Um dos pontos mais cuidadosos e bem-sucedidos do design de produção é a apresentação de dança contando a história dos reinos. Figurando como uma das melhores sequências do longa, os grandes nomes da dança Misty Copeland e Sergei Polunin recriam o ballet de repertório com direito a um cenário móvel. Os artifícios com a cenografia relembram, inclusive, um pouco da magia que George Méliès realizava em seus filmes. A dança, entretanto, volta para o filme apenas nos créditos finais.

Mesmo sem grandes performances na maior parte do longa, a música aparece como uma constante durante o filme. James Newton Howard é um veterano de trilhas sonoras – somente para a Disney, ele já realizou mais de cinco trabalhos, incluindo “Malévola”. Em “O Quebra-Nozes e os Quatro Reinos” sua real expertise é incluir uma nova sonoridade junto com as músicas clássicas e conhecidas de Tchaikovsky (compositor do ballet), um trabalho nada fácil para, ao mesmo tempo, mostrar sua personalidade e incluir faixas essenciais para o filme. O resultado é um longa embalado pela trilha em sua maior parte, mesmo que como background.

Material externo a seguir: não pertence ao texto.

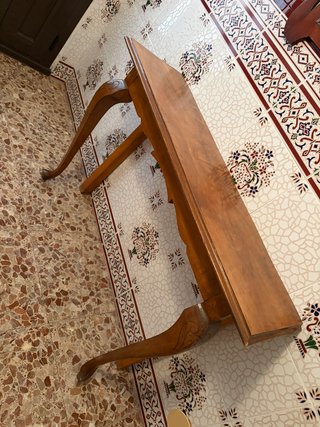 RECIBIDOR CLÁSICO DE MADERA CON ESPEJO A JUEGO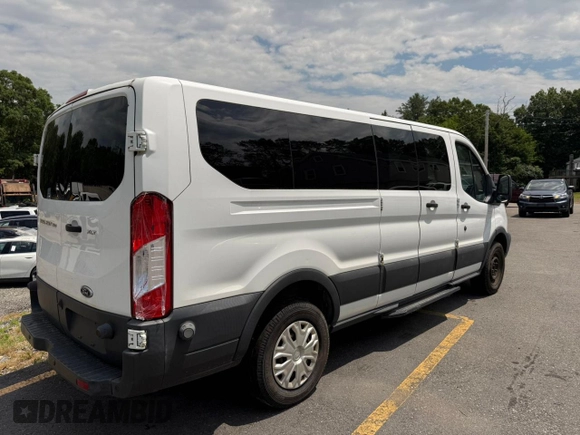 2015 Ford Transit XL z VIN 1FBZX2ZM1FKA63257, wystawiony jako Copart lot #63822515 z przebiegiem 198 249 mil mil oraz Czysty tytuł • Clean title. Historia ofert i sprzedaży dostępna na DreamBid. Obrazek 4.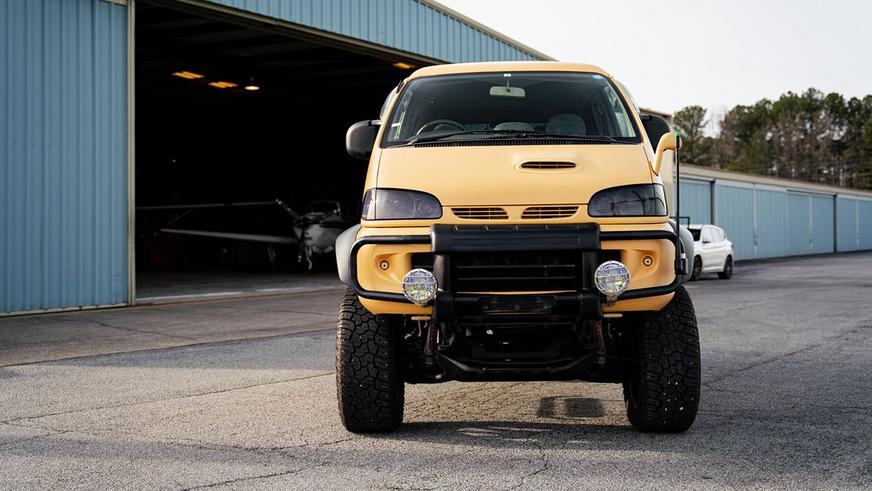 Лифтованная Mitsubishi Delica появилась на торгах в США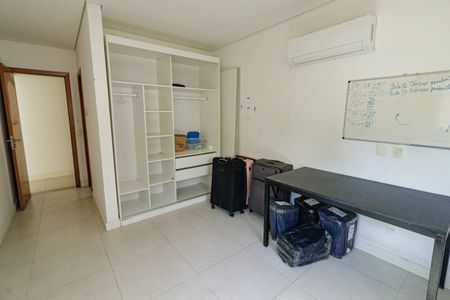 Casa de condomínio à venda com 300m², 5 quartos e 3 vagasSuíte 4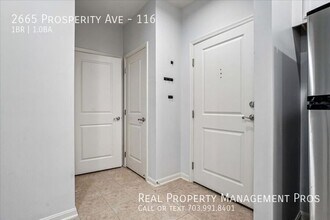 2665 Prosperity Ave in Fairfax, VA - Building Photo - Building Photo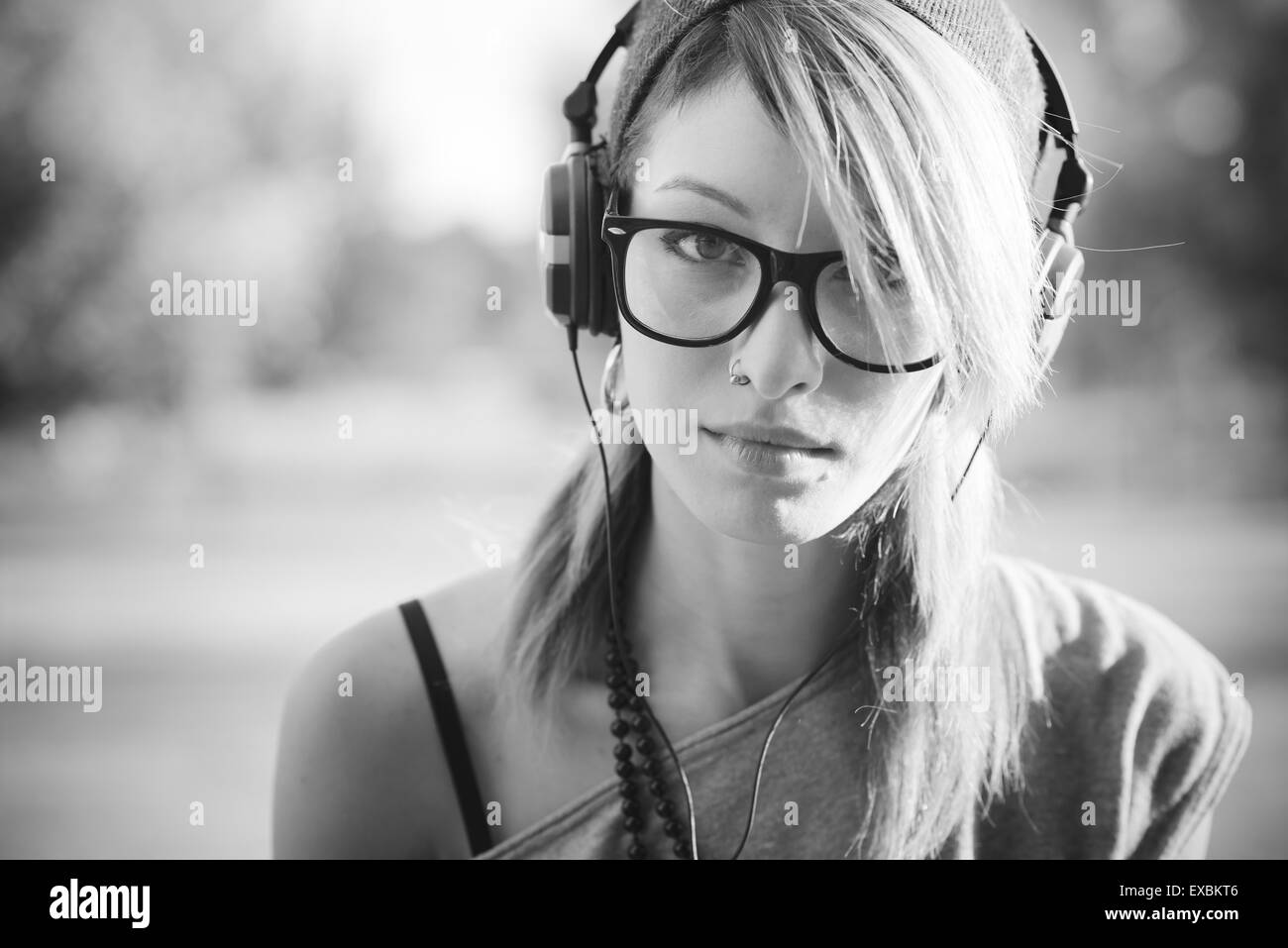 junge schöne Modell Frau Musik hören in der Stadt Stockfoto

Ao juntar os diretores Lasse Hallström e Joe Johnston, a Disney quis emplacar uma aventura emocional para seu público, já que o primeiro é conhecido por realizar comédias românticas e dramas e o segundo possui “Capitão América: O Primeiro Vingador” como destaque na carreira. A mistura, entretanto, não alcança o patamar esperado, as cenas de “luta” (violência leve no limite permitido para a faixa etária) são bem pensadas, mas somem em meio ao visual ofuscante. Assim, a imersão do filme funciona em todo tempo de trama, criando uma boa atração para toda a família, porém, a falta de conteúdo ou questões que incentivem uma reflexão são um fator inegavelmente negativo, enfatizado pela história com diversas lacunas.